### [Problem statement]
Which lines run from the start of the data below to the line containing "Why AI-Powered Automation is the Future?"? Set them down exactly, with none added.

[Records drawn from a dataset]
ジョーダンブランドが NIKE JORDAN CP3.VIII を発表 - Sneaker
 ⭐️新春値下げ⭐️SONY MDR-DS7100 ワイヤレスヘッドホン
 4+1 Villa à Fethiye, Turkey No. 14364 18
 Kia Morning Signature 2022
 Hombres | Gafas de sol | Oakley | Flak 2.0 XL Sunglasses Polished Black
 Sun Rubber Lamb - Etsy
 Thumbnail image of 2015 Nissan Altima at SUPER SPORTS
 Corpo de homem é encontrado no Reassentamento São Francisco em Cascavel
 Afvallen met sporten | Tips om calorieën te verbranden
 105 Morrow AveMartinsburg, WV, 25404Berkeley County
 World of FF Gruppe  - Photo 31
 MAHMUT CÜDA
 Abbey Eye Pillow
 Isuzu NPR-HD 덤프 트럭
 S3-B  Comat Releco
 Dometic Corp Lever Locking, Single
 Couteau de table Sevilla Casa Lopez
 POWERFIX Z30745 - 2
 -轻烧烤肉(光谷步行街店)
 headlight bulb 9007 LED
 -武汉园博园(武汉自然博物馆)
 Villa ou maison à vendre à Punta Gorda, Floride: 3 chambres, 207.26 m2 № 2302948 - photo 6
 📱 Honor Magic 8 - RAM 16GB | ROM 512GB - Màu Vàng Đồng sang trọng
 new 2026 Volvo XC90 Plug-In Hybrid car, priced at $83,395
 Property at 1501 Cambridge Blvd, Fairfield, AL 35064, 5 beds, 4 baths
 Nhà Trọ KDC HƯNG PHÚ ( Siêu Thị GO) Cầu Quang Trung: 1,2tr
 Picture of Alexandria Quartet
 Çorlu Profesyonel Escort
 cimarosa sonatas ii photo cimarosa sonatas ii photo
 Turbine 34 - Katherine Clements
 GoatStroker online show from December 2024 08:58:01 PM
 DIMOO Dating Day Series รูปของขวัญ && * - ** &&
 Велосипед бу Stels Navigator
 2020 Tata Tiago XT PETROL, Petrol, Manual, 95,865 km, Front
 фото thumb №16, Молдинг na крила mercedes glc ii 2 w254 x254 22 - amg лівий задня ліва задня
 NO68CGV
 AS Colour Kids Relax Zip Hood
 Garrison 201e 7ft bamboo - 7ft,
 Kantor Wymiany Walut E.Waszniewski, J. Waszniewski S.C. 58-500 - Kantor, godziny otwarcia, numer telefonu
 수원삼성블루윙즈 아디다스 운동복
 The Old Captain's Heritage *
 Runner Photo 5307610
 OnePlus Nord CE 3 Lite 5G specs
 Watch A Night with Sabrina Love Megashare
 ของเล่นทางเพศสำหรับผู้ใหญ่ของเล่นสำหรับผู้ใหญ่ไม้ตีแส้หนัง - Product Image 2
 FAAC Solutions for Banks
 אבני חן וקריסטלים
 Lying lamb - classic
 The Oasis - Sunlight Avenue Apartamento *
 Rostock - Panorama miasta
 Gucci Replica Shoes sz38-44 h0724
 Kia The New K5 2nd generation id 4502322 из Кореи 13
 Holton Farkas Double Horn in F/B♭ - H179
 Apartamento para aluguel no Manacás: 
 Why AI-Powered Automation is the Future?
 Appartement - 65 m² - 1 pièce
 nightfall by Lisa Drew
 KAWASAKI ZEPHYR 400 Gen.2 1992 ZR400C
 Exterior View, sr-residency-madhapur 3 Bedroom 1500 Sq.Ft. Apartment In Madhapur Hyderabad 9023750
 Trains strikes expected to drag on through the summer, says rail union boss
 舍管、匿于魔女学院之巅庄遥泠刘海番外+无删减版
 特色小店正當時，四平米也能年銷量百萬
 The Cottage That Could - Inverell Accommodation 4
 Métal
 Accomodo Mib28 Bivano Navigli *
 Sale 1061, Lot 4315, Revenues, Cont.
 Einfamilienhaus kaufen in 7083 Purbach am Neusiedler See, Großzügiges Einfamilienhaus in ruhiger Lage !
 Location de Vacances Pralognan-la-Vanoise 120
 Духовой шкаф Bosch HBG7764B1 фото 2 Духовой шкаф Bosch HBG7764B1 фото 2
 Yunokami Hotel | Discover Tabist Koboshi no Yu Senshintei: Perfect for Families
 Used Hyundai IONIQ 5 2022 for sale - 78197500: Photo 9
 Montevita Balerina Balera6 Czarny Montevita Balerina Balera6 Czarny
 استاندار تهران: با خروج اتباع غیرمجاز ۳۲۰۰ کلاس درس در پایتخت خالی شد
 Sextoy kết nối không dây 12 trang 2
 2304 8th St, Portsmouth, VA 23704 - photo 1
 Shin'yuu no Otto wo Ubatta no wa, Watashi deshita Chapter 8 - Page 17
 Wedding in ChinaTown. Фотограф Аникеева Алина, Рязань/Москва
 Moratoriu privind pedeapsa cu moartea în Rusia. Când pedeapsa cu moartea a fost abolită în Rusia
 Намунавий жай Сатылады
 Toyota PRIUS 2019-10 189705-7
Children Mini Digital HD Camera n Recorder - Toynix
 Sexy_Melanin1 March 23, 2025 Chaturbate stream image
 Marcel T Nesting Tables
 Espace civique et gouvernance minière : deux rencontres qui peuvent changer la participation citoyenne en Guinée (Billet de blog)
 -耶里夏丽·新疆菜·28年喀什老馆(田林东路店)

### [Answer to the exercise]
ジョーダンブランドが NIKE JORDAN CP3.VIII を発表 - Sneaker
 ⭐️新春値下げ⭐️SONY MDR-DS7100 ワイヤレスヘッドホン
 4+1 Villa à Fethiye, Turkey No. 14364 18
 Kia Morning Signature 2022
 Hombres | Gafas de sol | Oakley | Flak 2.0 XL Sunglasses Polished Black
 Sun Rubber Lamb - Etsy
 Thumbnail image of 2015 Nissan Altima at SUPER SPORTS
 Corpo de homem é encontrado no Reassentamento São Francisco em Cascavel
 Afvallen met sporten | Tips om calorieën te verbranden
 105 Morrow AveMartinsburg, WV, 25404Berkeley County
 World of FF Gruppe  - Photo 31
 MAHMUT CÜDA
 Abbey Eye Pillow
 Isuzu NPR-HD 덤프 트럭
 S3-B  Comat Releco
 Dometic Corp Lever Locking, Single
 Couteau de table Sevilla Casa Lopez
 POWERFIX Z30745 - 2
 -轻烧烤肉(光谷步行街店)
 headlight bulb 9007 LED
 -武汉园博园(武汉自然博物馆)
 Villa ou maison à vendre à Punta Gorda, Floride: 3 chambres, 207.26 m2 № 2302948 - photo 6
 📱 Honor Magic 8 - RAM 16GB | ROM 512GB - Màu Vàng Đồng sang trọng
 new 2026 Volvo XC90 Plug-In Hybrid car, priced at $83,395
 Property at 1501 Cambridge Blvd, Fairfield, AL 35064, 5 beds, 4 baths
 Nhà Trọ KDC HƯNG PHÚ ( Siêu Thị GO) Cầu Quang Trung: 1,2tr
 Picture of Alexandria Quartet
 Çorlu Profesyonel Escort
 cimarosa sonatas ii photo cimarosa sonatas ii photo
 Turbine 34 - Katherine Clements
 GoatStroker online show from December 2024 08:58:01 PM
 DIMOO Dating Day Series รูปของขวัญ && * - ** &&
 Велосипед бу Stels Navigator
 2020 Tata Tiago XT PETROL, Petrol, Manual, 95,865 km, Front
 фото thumb №16, Молдинг na крила mercedes glc ii 2 w254 x254 22 - amg лівий задня ліва задня
 NO68CGV
 AS Colour Kids Relax Zip Hood
 Garrison 201e 7ft bamboo - 7ft,
 Kantor Wymiany Walut E.Waszniewski, J. Waszniewski S.C. 58-500 - Kantor, godziny otwarcia, numer telefonu
 수원삼성블루윙즈 아디다스 운동복
 The Old Captain's Heritage *
 Runner Photo 5307610
 OnePlus Nord CE 3 Lite 5G specs
 Watch A Night with Sabrina Love Megashare
 ของเล่นทางเพศสำหรับผู้ใหญ่ของเล่นสำหรับผู้ใหญ่ไม้ตีแส้หนัง - Product Image 2
 FAAC Solutions for Banks
 אבני חן וקריסטלים
 Lying lamb - classic
 The Oasis - Sunlight Avenue Apartamento *
 Rostock - Panorama miasta
 Gucci Replica Shoes sz38-44 h0724
 Kia The New K5 2nd generation id 4502322 из Кореи 13
 Holton Farkas Double Horn in F/B♭ - H179
 Apartamento para aluguel no Manacás: 
 Why AI-Powered Automation is the Future?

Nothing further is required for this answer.